The United States Customs and Border Protection (CBP) agency says officers at an express consignment hub in Memphis, Tennessee have seized a cookbook with cocaine stashed inside on a shipment from Trinidad and Tobago.
However, CBP said officers found many of the 500 recipes and 32 colored photographs missing, cut out to make room for a rectangular packet of cocaine, weighing 147.6 grams.

The shipment was sent from Trinidad and Tobago to an address in the “Little Caribbean neighborhood” of New York City.
Located seven miles north of Venezuela, which has an ultra-porous 1,378-mile border with the cocaine capital of the world, Colombia, drugs continue to enter Trinidad by speedboat and leave on container ships, planes, and private yachts, as well as through unique methods as the one in this report.

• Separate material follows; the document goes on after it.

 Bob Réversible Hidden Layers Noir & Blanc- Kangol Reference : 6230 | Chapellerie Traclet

US importers provide advance information about container cargo, express consignment shipments, and some international mail parcels bound for the United States, the CBP said.
It said it uses this data to target and intercept high-risk shipments.

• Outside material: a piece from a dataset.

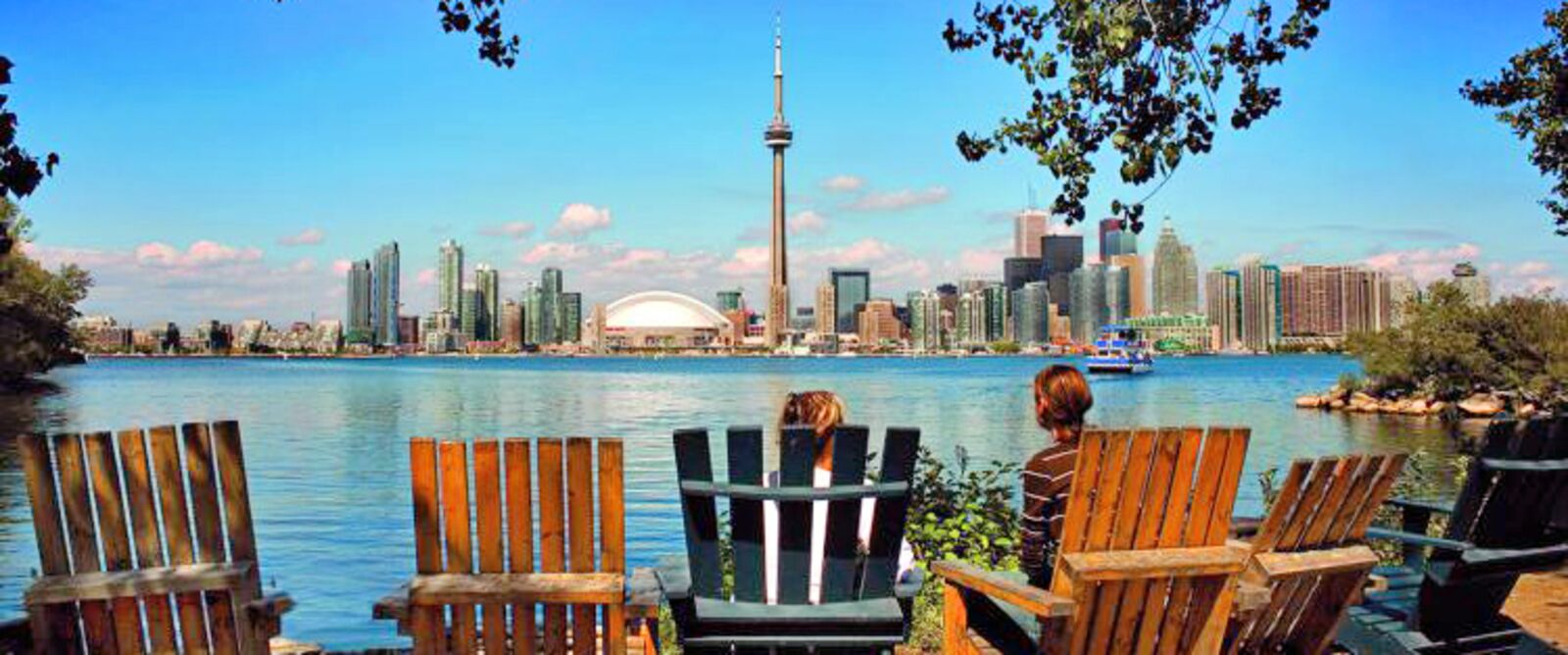 Blick auf die Skyline von Toronto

“CBP personnel are trained to identify patterns and red flags that enable them to intercept shipments that may contain illicit and potentially dangerous goods,” the statement said.
“How was the recipient intending to cook his traditional callaloo, with all the pages cut up and replaced with cocaine?” asked Area Port Director Michael Neipert in jest.

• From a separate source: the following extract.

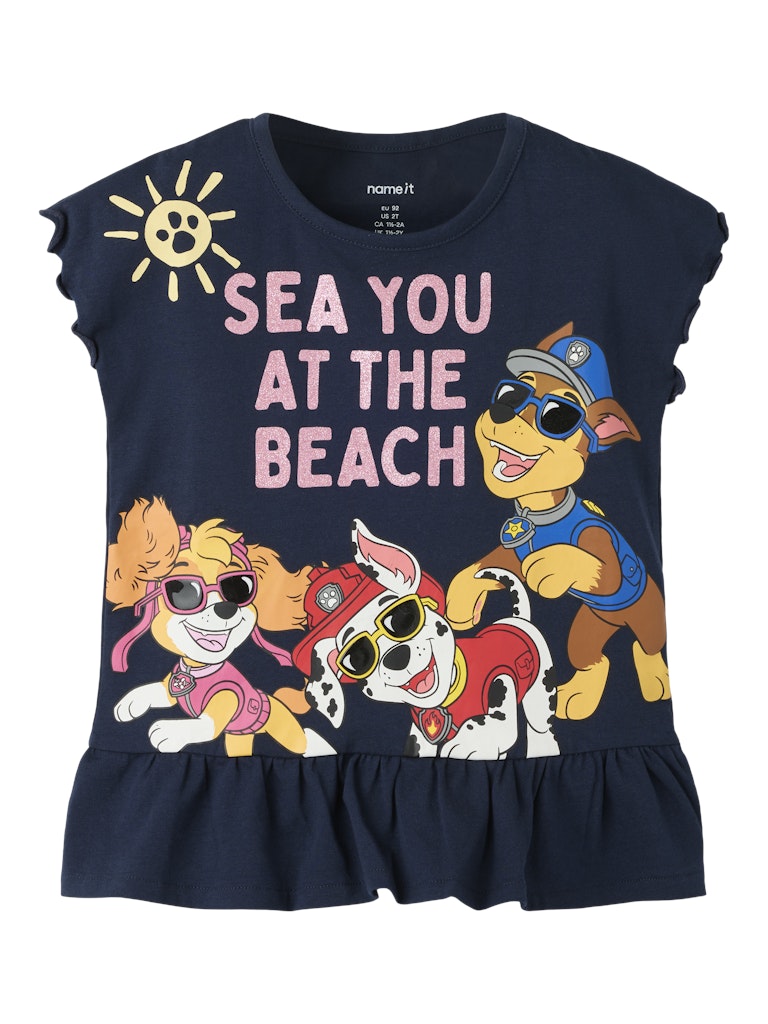 Name It T-shirt Mini SS Mina Paw Patrol Navy Blazer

“Smugglers continue to conceal narcotics and other contraband in myriad ways, which my officers seize over and over every shift,” he added.
Neipert said this seizure took place within the Area Port of Memphis, which covers ports of entry throughout the state of Tennessee and falls under CBP’s New Orleans Field Office.
He said this Field Office includes all ports in Louisiana, Mississippi, Alabama, Arkansas, and Tennessee.